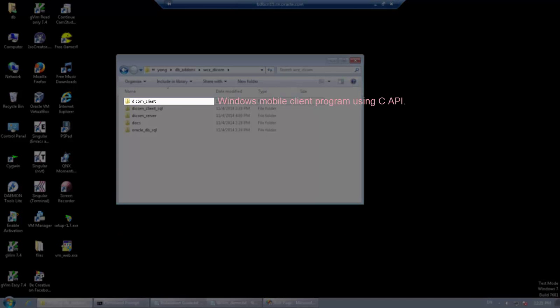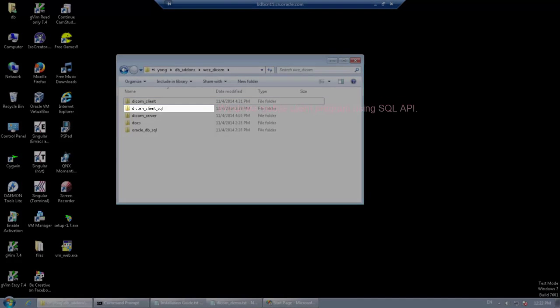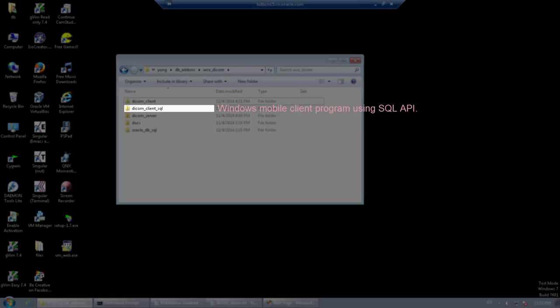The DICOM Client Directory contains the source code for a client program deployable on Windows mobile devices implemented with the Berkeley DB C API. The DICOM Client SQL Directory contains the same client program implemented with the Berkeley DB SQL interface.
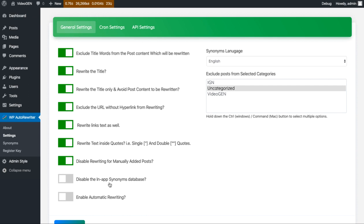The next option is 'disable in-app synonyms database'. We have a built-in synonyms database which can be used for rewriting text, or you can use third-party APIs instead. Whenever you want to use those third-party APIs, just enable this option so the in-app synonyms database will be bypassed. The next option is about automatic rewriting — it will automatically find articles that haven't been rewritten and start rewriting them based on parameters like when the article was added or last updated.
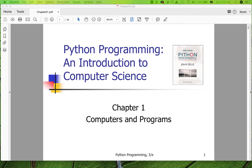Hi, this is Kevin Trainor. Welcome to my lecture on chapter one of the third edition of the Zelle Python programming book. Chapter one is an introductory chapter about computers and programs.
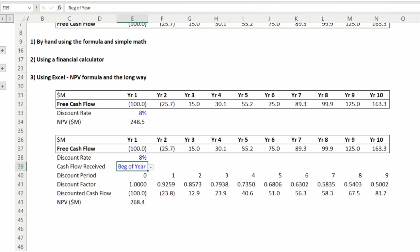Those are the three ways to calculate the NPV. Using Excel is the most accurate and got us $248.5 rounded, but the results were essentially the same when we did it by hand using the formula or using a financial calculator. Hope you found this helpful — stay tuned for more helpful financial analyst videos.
◆ ◆ ◆
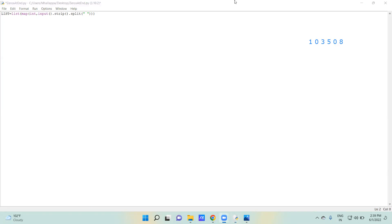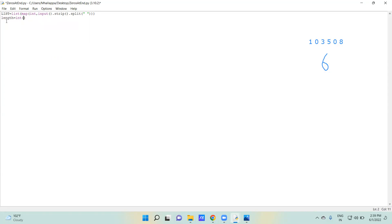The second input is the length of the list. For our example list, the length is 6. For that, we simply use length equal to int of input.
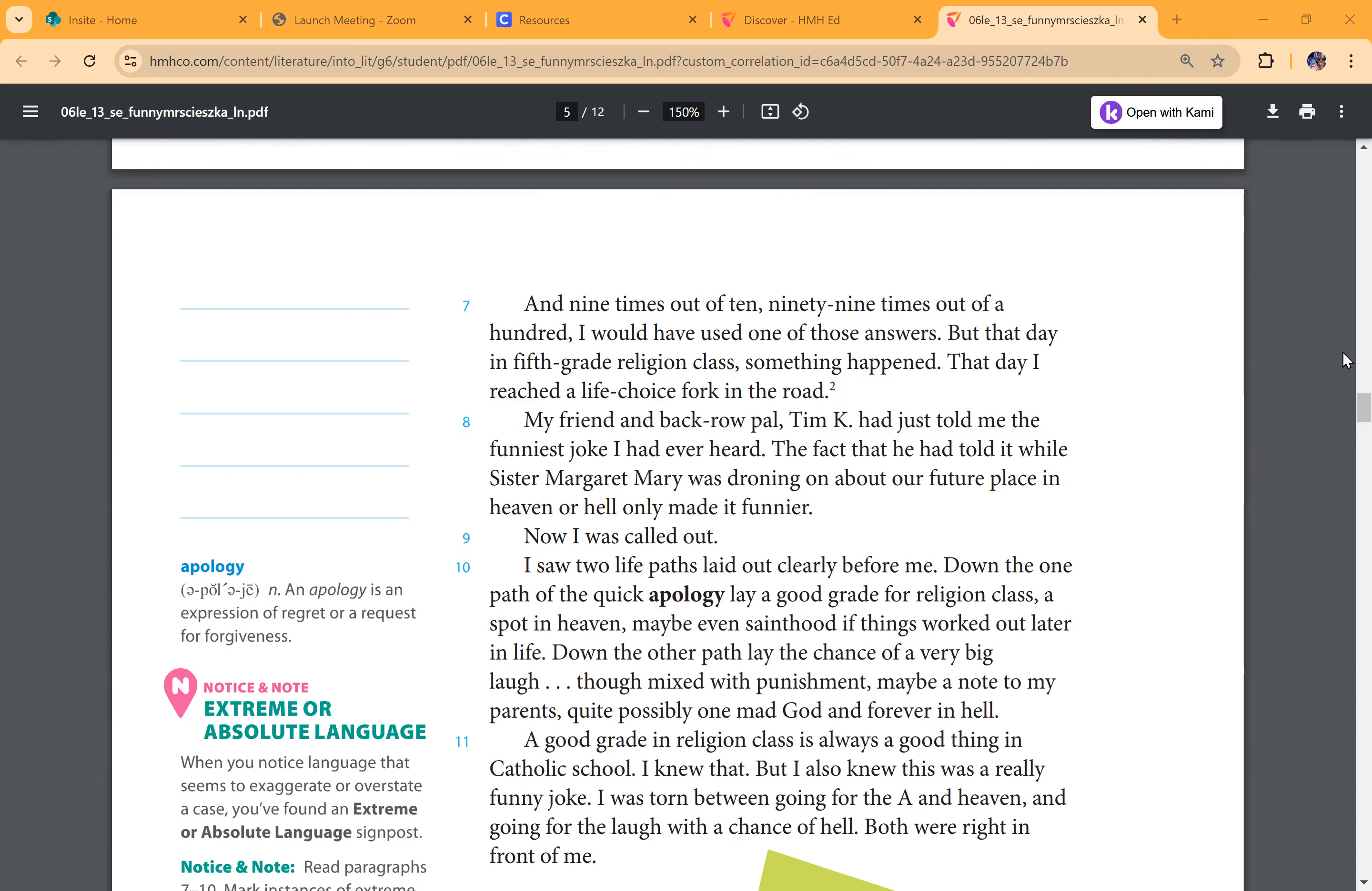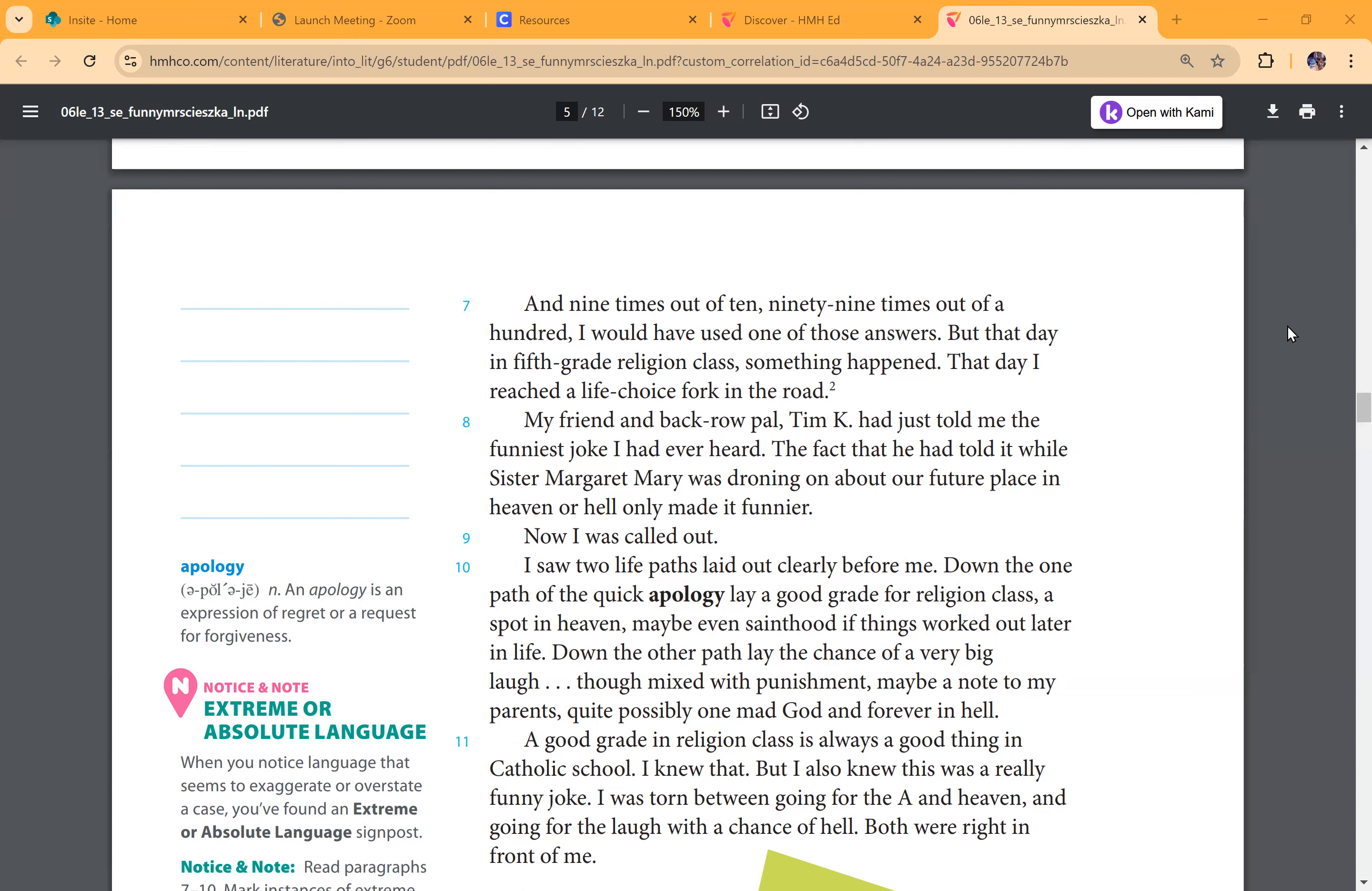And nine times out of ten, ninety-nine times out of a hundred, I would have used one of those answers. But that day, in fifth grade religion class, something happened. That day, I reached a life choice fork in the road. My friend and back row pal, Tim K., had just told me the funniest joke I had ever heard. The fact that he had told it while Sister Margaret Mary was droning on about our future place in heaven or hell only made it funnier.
◆ ◆ ◆
### Task goal
Using the entries above, transcribe every line from the line containing "The next option is 'disable" through the line containing "Those are the". Do not copy pictures.

### Exercise output
The next option is 'disable in-app synonyms database'. We have a built-in synonyms database which can be used for rewriting text, or you can use third-party APIs instead. Whenever you want to use those third-party APIs, just enable this option so the in-app synonyms database will be bypassed. The next option is about automatic rewriting — it will automatically find articles that haven't been rewritten and start rewriting them based on parameters like when the article was added or last updated.
Hi, this is Kevin Trainor. Welcome to my lecture on chapter one of the third edition of the Zelle Python programming book. Chapter one is an introductory chapter about computers and programs.
Those are the three ways to calculate the NPV. Using Excel is the most accurate and got us $248.5 rounded, but the results were essentially the same when we did it by hand using the formula or using a financial calculator. Hope you found this helpful — stay tuned for more helpful financial analyst videos.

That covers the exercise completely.